# Hello to one and all...



## bonjot (Aug 11, 2007)

Hello everyone!

I'm a 28 yr old just getting to know all about mantids... I've been educating the youths in SIngapore for almost 4 years.

My interest in mantids grew when my fiance and his brother introduced me to these species..

They would drag[and of course I willingly would go with them] to 'hunt' for mantids.

Yeah my first ever road trip FOR mantids was in June 07 to Cameron Highlands.

Ive taken a liking to the cute loving creatures... So do help me around here...

Signing of... :lol:


----------



## hibiscusmile (Aug 11, 2007)

Hello Bonjot, lovely name! Did you find any interesting species out there? Someone else here has been looking there also. But I forget who.

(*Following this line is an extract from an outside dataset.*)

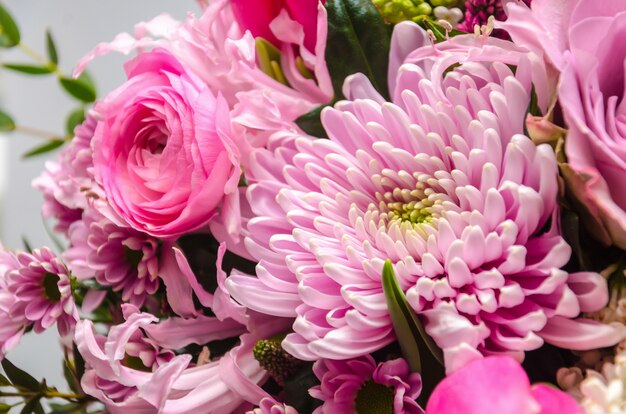 Delicate fresh bouquet of fresh flowers with a pink aster.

Probably your fiance with my luck (just to make me look silly) ha ha :wink: Welcome


----------



## Rick (Aug 11, 2007)

Welcome


----------



## Deutschherper (Aug 11, 2007)

Welcome.


----------



## robo mantis (Aug 11, 2007)

Welcome


----------



## sufistic (Aug 12, 2007)

Welcome!

I'm her fiance lol.


----------



## bonjot (Aug 12, 2007)

Thank you all..


----------



## bonjot (Aug 12, 2007)

> Hello Bonjot, lovely name! Did you find any interesting species out there? Someone else here has been looking there also. But I forget who. Probably your fiance with my luck (just to make me look silly) ha ha :wink: Welcome


Thanks hibiscusmile.. Well it really was an eye opener how we need to be alert out in the wild...

The first time, was hard for me to actually zoom to the tiny creatures, it takes a lot of practise and patience.

But now, i've got my tactic ehhe, everytime I hum to the lyrics of a 'cartoom song' I would be able to spot something..

Well, yes so the fiance is, sufistic.. :wink:


----------



## OGIGA (Aug 14, 2007)

Welcome!


----------



## mantisfu (Aug 14, 2007)

greetings


----------